Taken together, the Guo and Capil cases show how local political power can intersect with offshore gaming operations. They also show the state’s evolving enforcement playbook, which targets those alleged to have enabled illegal hubs to set up, expand or avoid scrutiny.
From rebranding to a nationwide ban
The policy arc accelerated over the past year. In late 2023, regulators sought to reset the sector’s image by renaming POGOs as Internet Gaming Licensees, a move reported by Inside Asian Gaming that signaled an attempt to differentiate legal operators and clean up compliance. That shift is captured in reporting on how POGOs were rebranded as Internet Gaming Licensees and how regulators would streamline approvals.
The effort quickly gave way to a hard stop. Amid rising crime allegations, diplomatic pressure and public backlash, the government moved to end the industry outright. President Ferdinand Marcos Jr. announced a blanket ban in July, with an end-of-year wind-down. Inside Asian Gaming covered the decision in detail, noting the president’s immediate directive in the nationwide prohibition of POGOs. The policy pivot reframed the enforcement goal from remediation to eradication.

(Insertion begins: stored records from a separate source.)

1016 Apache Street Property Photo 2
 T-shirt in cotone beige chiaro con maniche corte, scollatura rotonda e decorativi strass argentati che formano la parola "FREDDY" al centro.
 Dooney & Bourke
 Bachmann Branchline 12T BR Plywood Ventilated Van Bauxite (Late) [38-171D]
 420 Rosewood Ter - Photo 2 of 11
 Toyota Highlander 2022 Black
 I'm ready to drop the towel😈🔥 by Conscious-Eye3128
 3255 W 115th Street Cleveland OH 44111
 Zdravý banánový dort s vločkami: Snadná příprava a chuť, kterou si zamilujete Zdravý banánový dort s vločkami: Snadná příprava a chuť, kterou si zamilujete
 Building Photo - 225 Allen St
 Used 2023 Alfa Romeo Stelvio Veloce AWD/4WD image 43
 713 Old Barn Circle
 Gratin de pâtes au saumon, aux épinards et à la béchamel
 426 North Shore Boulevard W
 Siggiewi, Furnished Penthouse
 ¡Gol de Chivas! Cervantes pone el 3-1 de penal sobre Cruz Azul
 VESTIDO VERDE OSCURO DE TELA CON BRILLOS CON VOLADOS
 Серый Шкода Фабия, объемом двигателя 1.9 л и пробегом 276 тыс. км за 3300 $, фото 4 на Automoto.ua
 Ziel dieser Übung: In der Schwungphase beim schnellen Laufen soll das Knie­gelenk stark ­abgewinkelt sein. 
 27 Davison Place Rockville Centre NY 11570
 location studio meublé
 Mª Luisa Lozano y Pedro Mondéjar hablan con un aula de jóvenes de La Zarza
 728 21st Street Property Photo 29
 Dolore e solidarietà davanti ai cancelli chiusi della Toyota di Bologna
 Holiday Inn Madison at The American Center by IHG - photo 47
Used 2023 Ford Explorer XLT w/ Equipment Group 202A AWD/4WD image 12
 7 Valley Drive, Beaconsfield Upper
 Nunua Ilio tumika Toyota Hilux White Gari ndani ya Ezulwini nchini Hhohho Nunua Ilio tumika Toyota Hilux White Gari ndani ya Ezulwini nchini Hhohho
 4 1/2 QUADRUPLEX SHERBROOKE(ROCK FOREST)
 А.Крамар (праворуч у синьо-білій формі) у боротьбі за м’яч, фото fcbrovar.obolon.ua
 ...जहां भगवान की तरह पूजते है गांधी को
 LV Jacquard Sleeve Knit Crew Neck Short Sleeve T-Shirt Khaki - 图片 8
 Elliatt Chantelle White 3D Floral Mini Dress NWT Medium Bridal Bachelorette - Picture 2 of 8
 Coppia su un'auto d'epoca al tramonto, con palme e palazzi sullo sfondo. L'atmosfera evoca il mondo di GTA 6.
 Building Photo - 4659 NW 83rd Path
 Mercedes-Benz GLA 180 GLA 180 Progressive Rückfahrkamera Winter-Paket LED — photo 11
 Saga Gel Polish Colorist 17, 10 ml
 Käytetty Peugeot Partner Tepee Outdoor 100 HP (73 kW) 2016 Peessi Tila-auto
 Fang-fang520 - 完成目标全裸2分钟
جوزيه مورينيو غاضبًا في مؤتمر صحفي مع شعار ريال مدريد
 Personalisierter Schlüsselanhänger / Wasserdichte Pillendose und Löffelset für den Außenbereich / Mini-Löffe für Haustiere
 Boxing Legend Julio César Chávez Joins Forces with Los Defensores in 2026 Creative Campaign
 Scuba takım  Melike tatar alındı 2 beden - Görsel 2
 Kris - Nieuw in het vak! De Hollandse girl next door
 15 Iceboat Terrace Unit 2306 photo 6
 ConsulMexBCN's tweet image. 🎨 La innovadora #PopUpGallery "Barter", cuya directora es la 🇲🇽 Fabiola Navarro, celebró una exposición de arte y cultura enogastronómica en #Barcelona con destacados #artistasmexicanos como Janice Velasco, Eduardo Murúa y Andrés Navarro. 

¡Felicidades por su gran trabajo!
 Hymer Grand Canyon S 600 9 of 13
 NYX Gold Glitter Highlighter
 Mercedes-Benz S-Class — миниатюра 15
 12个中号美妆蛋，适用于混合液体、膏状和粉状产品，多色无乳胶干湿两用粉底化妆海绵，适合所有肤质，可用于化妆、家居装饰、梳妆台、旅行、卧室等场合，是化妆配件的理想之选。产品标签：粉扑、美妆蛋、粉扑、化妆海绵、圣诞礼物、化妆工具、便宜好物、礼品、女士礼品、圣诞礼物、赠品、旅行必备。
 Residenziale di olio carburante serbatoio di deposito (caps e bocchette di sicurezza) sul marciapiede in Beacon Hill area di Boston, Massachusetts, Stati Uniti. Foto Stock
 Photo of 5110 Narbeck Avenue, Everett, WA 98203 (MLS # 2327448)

This reorientation clarifies why cases like Capil’s are surfacing now. As operators face shutdowns, authorities are pursuing those who allegedly provided cover, expedited licenses or ignored red flags. The legal cases also serve as deterrents amid a scramble by remaining outfits to continue clandestine operations or shift to adjacent scams.
Bottlenecks and the road ahead
The crackdown’s success hinges on what happens after raids. The state must process thousands of workers caught up in police actions, many of whom are potential trafficking victims. Capacity constraints have already slowed operations. The Presidential Anti-Organized Crime Commission acknowledged a pause while it manages detention and deportations for nearly one thousand workers in custody and prepares for more. The agency described the crunch in a report on how 947 workers await deportation amid a temporary enforcement halt.
That bottleneck underscores a structural challenge: enforcement creates a humanitarian and logistical burden. Authorities must balance court deadlines, evidence handling and international coordination with host countries, while providing medical care and due process to detainees. The government has added resources and considered additional facilities, but the timeline is tight with the Jan. 1 deadline approaching.
For local governments, the stakes include reputational risk and fiscal exposure. Towns that benefited from rents, services and informal economies around POGO hubs now face the costs of cleanup and potential legal liabilities. For national authorities, successful prosecutions of officials accused of aiding illegal hubs would validate the pivot from regulatory resets to zero tolerance. Failure would invite skepticism about whether the ban can outlast the networks that profited from the gray zone between licensing and law enforcement.
The Capil warrant signals that the final phase of the POGO era will be contested in courtrooms as much as in raid sites. As the ban takes effect, the measure of progress will be whether the state can turn headline arrests and seizures into convictions, dismantle financial pipelines and unwind political protection that let the industry thrive. The coming months will test that strategy across cases from Porac to Makati to Bamban—and determine whether this crackdown ends the business or merely pushes it further underground.